Every Saturday morning we round-up the best of the previous week’s writing about beer and pubs. This week, we’ve got everything from social enterprise to hot stones.
First, some local news: Bristol brewery Tapestry has gone into liquidation (we missed this) but has been bought by Props, a charity that works to provide routes into work for disabled people, as reported by the BBC:
Props had a partnership with the former Tapestry Brewery before the company went into liquidation, they provided training opportunities in brewing for charity members… Now, Props will take “complete control” of the business, this will include running the tap room in Totterdown, brewing their own unique craft beers and creating partnerships with fellow Bristol breweries… Andrew, a trainee, said he was “excited” for the opening and that the opportunity was “fabulous”… “I can’t wait to get started, its going to be hard work but it love beer so its going to be fun.”
(Via Ray’s mum who always sends us beer-related stories she spots in the news.
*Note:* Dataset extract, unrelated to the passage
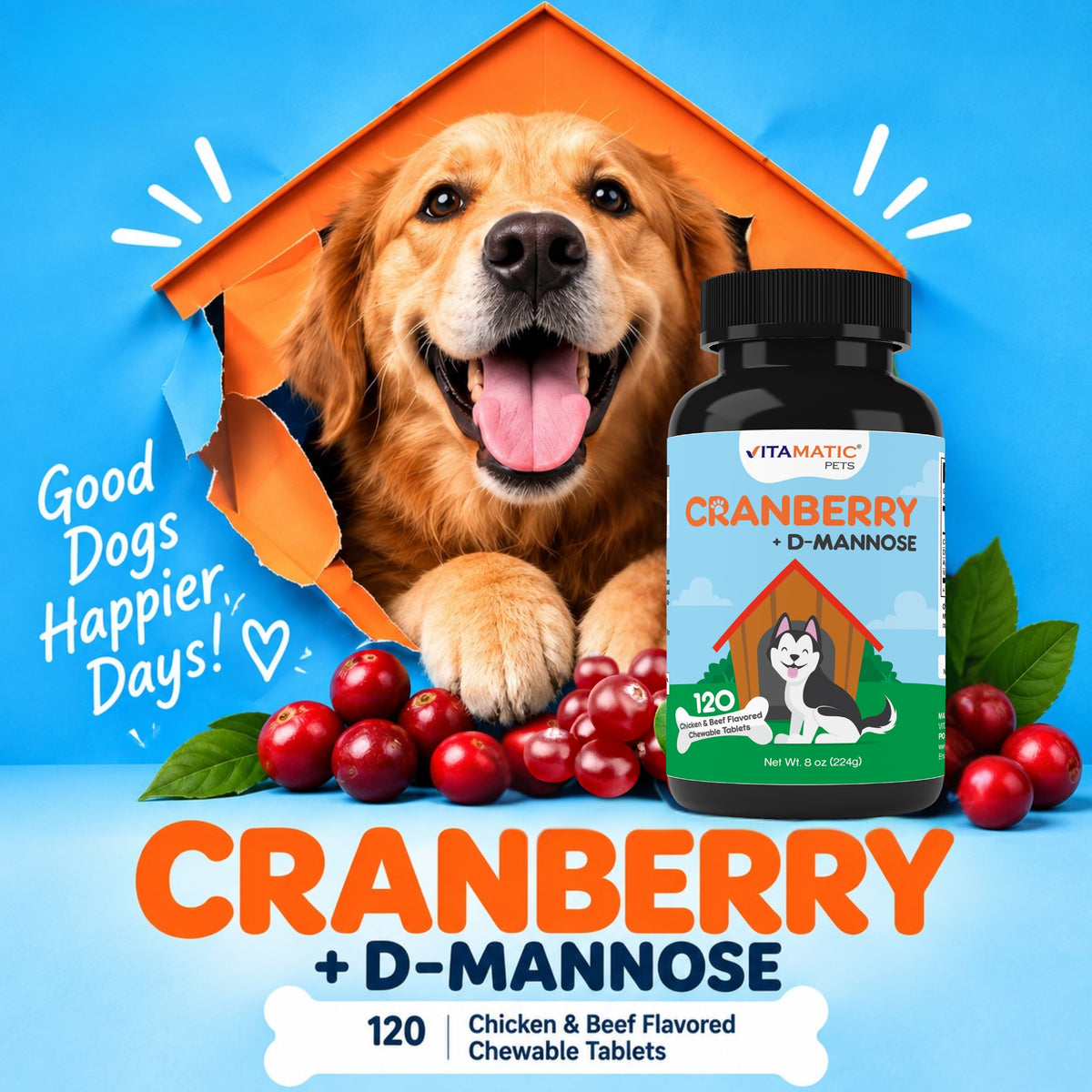 Vitamatic Cranberry for Dogs, 120 Chewable Tablets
Thanks, Mum!)
David Jesudason (who is having a very good writing year) looks into the experience of disabled drinkers in UK pubs and taprooms:
I’d like to introduce you to beer and cider lover Steven Fenn… He travels around the world to find new beers, which for him is hugely difficult, because Steven is treated differently to any other drinker I have met. He has a condition called muscular atrophy type two, which means he can’t walk and is permanently reliant on a wheelchair… He gets stared at. He’s not allowed access to some establishments. He’s frowned upon when he looks like he’s drunk… Steven reveals the long list of barriers he faces when he wants to have a pint… These include being ignored when ordering, or having his personal assistant asked by the bartender what he wants to drink. Not being able to use disabled toilets as they’re being used as a store cupboard. Not being able to attend eating areas or events as they’re located in inaccessible rooms. Or travelling to London from Essex only to be told at a pub that it’s “too busy” for him to enter.
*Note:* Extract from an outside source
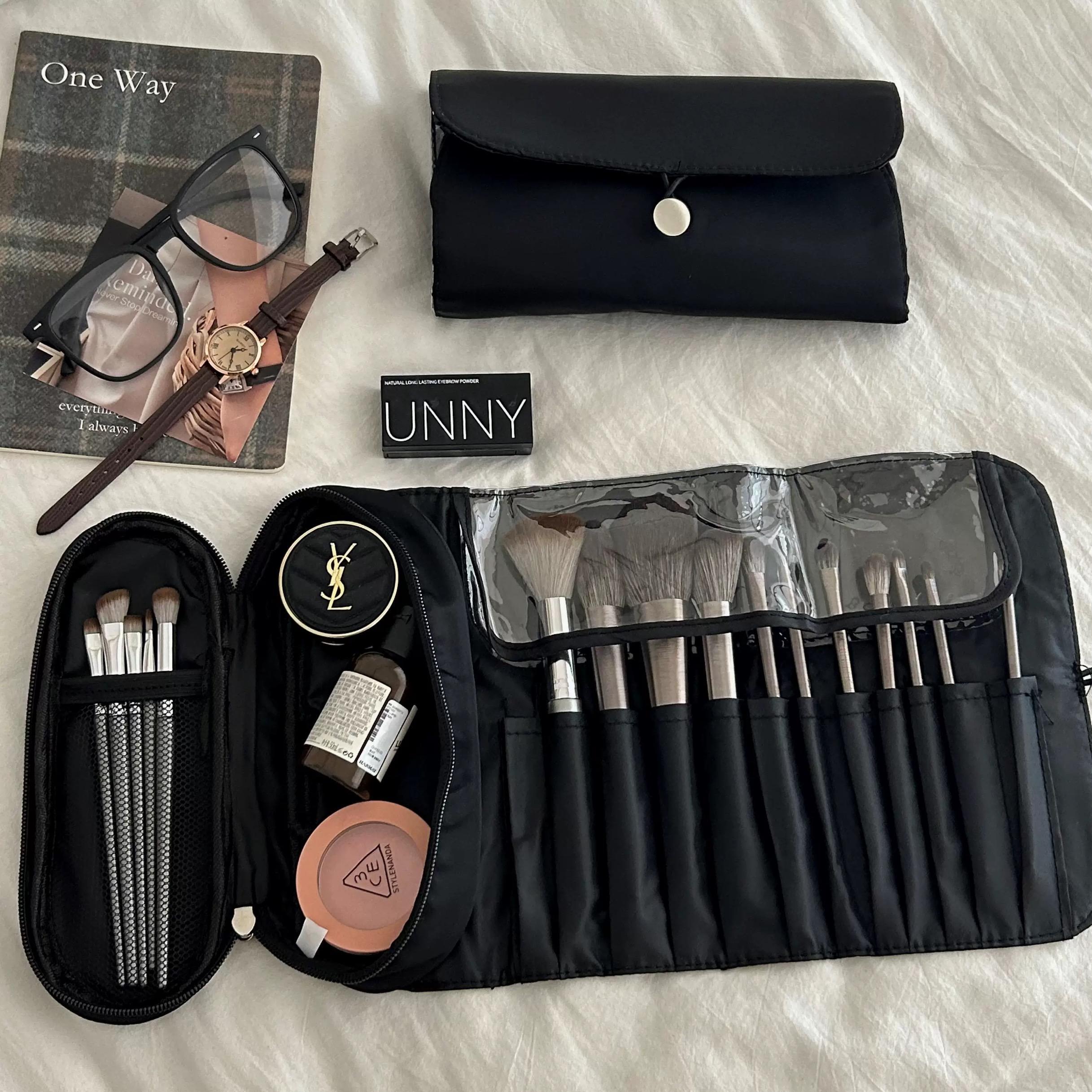 hin实用 化妆刷收纳包卷袋便携式大容量眼影刷多功能折叠收纳防尘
The most important here, perhaps, is that improving this situation is often a matter of a bit of thought, a bit of care and putting some processes in place. “We don’t put kegs in the disabled toilet: it’s never storage,” says one brewer interviewed for the piece, revealing a lot about how low the bar might be at present.
In her (blog style) newsletter Hugging the Bar Court Iseman asks a challenging question: is it even remotely cool to be “a craft beer person” in 2022? She reflects on this and the journey people go on as they discover a serious interest in beer:
And when you think about it in the terms of finding craft beer and diving in, getting obsessed – in a good way, where you read all the books and watch all the videos and plan all the beercations to learn all you can – and then moving toward balancing it with other aspects of your life as you get older, craft beer is like any other thing, too. It’s how I was with metal, and then when I finally matured and opened up to a whole bunch of other genres, it’s how I was with music in general. It’s how I was with fashion, it’s how I was with theatre… it’s infatuation, every time. You fall, you fall hard, it’s all about that thing, and then you settle into loving that thing as part of all the things you love in your life.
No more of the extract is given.